Eren Keskin'e “Barış, Dostluk ve Demokrasi Ödülü”
Diyarbakır Tabip Odası’nın 1995 yılından itibaren her yıl düzenli olarak verdiği “Barış, Dostluk ve Demokrasi Ödülü” İnsan Hakları Derneği (İHD) Eş Genel Başkanı Eren Keskin’e verildi.
Tüm zamanlarda hak arayışı içinde oldu
Gençlik yıllarından itibaren insan hakları, eşitlik, özgürlük kavramlarına duyarlı olan Eren Keskin, 1995 yılında, bir yazısında "Kürdistan" kelimesini kullandığı için 2.5 yıl ceza aldı ve tutuklandı. Bayrampaşa Cezaevi'nde kaldığı süredeki tanıklıkları, yaşamının kırılma noktasını oluşturdu.
Cezaevindeki birçok kadının gözaltında cinsel saldırıya uğradığını öğrenince, bu suçun cezasız kalmasını kabullenemedi.

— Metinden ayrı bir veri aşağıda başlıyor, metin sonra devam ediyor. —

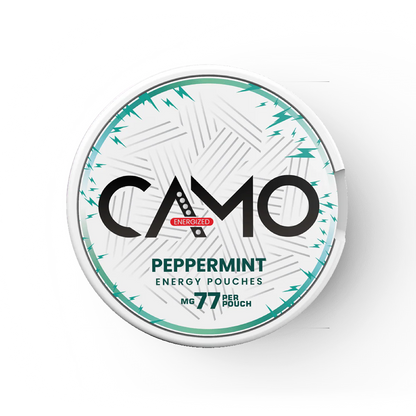CAMO Energy Peppermint kofeinové sáčky s příchutí máty peprné a 77 mg kofeinu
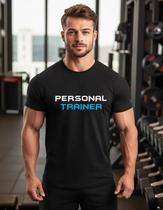 Camiseta Personal Trainer Blue Academia Fit Fitness Dryfit Camiseta Personal Trainer Blue Academia Fit Fitness Dryfit
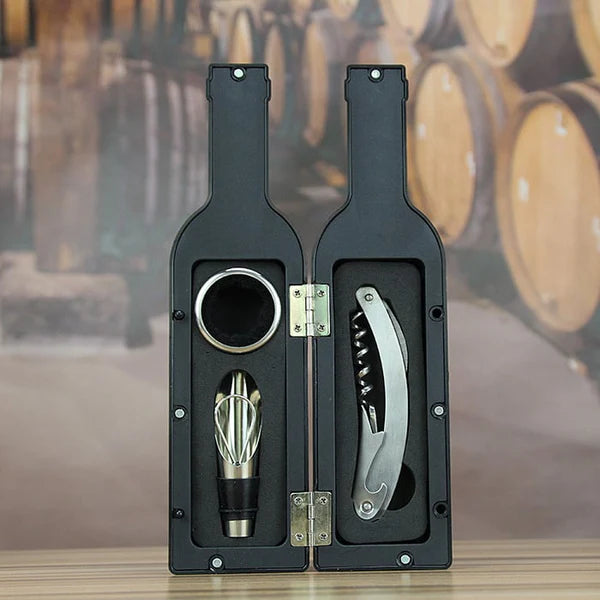 WINEPRO: SET DE 5 PIEZAS PARA ABRIR VINOS 🍷✨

Cezaevinden çıktıktan sonra Heidi Wedel ile Gözaltında Taciz ve Tecavüze Karşı Hukuki Yardım Bürosu'nu kurdu.
Tüm toplumsal ve siyasal baskılara rağmen yüzlerce kadın bu büroya başvurdu. Bundan cesaret alan birçok kadın, uğradığı cinsel saldırıları açıkladı ve tacizcilerden hesap sordu. Cinsel suçlarla mücadele ve toplumsal cinsiyet eşitliği konusunda toplumda önemli bir farkındalık oluşturdu.
Yine 90'lı yıllarda, birçok kişinin gitmeye cesaret edemediği, yakılan, yıkılan yerlere giderek canı pahasına sorumlulardan hesap sordu. Gözaltında kayıp ve faili meçhul cinayetlerin aydınlatılması, sorumluların yargı önüne çıkarılarak cezalandırılması için önemli bir mücadelenin içerisinde yer aldı.
Eren Keskin, insan hakları mücadelesine adanan bir yaşamdır aslında. Yeri geldi Cumartesi Annelerinin yanında yer aldı, yeri geldi Midyat'ın Zazê köyünde tek başına yaşayan Süryani Dayrayto'nun duyulmayan sesi oldu, yeri geldi hak ihlallerinde dahi 'önceliği' olmayan LGBTİ bireylerin çığlığı oldu. Nerede yer aldıysa kararlı ve cesaretli durdu. Sözünü sakınmadı.
Bu kararlı mücadelesi ve dik duruşu nedeniyle, şu ana kadar hakkında 124 dava açıldı, 26 yıl 9 ay 20 gün hapis ve 431.912 TL para cezası verildi. Ayrıca pek çok kez sözlü saldırı ve hakaretlere maruz kaldı, ölüm tehditleri aldı.
Bu ceza ve saldırılar nedeniyle birçok ülke Eren Keskin'i ülkelerine kabul etmeye hazır olduklarını ifade etmelerine rağmen, Keskin yine net bir duruş sergileyerek, "Ben hiç bir yere gitmiyorum. Mücadelemi cezaevinde sürdüreceğim. Devlet yasalarını değiştirmek zorunda kalacak" dedi.